Retired Canadian Forces Cpl. Doug Tizya describes the suffering experienced by soldiers fighting the war in Afghanistan as “biblical.”

Tizya, a member of the Vuntut Gwitchin First Nation, did two tours in Afghanistan with the 2nd Battalion of the Princess Patricia’s Canadian Light Infantry.

On Friday, during Indigenous Peoples Day celebrations in Whitehorse, Tizya’s service was recognized with a Quilt of Valour.

“You suffer a lot there,” he said, adding that being honoured with the quilt helps ease some of that pain.

Tizya went to high school in Whitehorse before joining the military. He was deployed to Afghanistan in 2002, shortly after the 9/11 terrorist attacks, and again in 2006. Tizya received the Sacrifice Medal after being wounded during his second tour.

Doug Tizya manning a machine gun. Tizya did two tours in Afghanistan with the Canadian Armed Forces. (Submitted by Terry Grabowski)

‘I’ll never forget him’

The day Tizya was wounded was excruciatingly hot, he recalled — maybe 50 C. He was sitting down to eat along with some other men.

They had taken off their gear in an attempt to cool down, said Tizya, when “all of a sudden the Taliban started dropping mortars on our on our patrol base.”

He remembers grabbing his rifle, helmet and armour and running toward shelter when a mortar landed beside him and knocked him out.

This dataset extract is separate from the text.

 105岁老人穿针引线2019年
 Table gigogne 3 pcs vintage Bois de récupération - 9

Doug Tizya was given a Quilt of Valour at the Kwanlin Dun Cultural Centre in Whitehorse. (Dave Croft/CBC)

A couple of his fellow soldiers pulled him into a building. One of them, Cpl. Andrew Grenon, tore off his own shirt and used it to bandage Tizya’s wounds.

Grenon was killed in 2008 when the armoured vehicle he was in was attacked in southern Afghanistan.

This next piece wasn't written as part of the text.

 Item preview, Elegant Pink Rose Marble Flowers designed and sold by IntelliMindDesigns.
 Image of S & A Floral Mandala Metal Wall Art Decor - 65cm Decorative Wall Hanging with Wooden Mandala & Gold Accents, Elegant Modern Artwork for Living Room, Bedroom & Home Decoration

“I’ll never forget him,” said Tizya of Grenon. “I actually went to his funeral and told his mom that and she was very proud.”

Surprise honour

Tizya, who now lives in Brandon, Man., had no idea he was being honoured on Friday.

He was taking in the Indigenous Peoples Day festivities around the Kwanlin Dun Cultural Centre when his mother pulled him aside.

“I thought they were going to get me to jig and I was just sitting there thinking, there’s no way in hell I’m going to go jig,” he said.

Doug Tizya felt “honoured and grateful and loved” when he returned home and received this quilt. (Dave Croft/CBC)

Instead, Tizya was bestowed with a Quilt of Valour sewn by Yukoner May Gudmunson.

“I don’t live here anymore and when you come home and you experience this, it’s — wow,” he said. “I feel so honoured and grateful and loved when I come home.”

Tizya had a message for other soldiers and vets who may be going through tough times.

“You’ve got to hit your bottoms and stuff,” he said. “But if you let your love in, if you let people that love you help you, you’ll be OK.”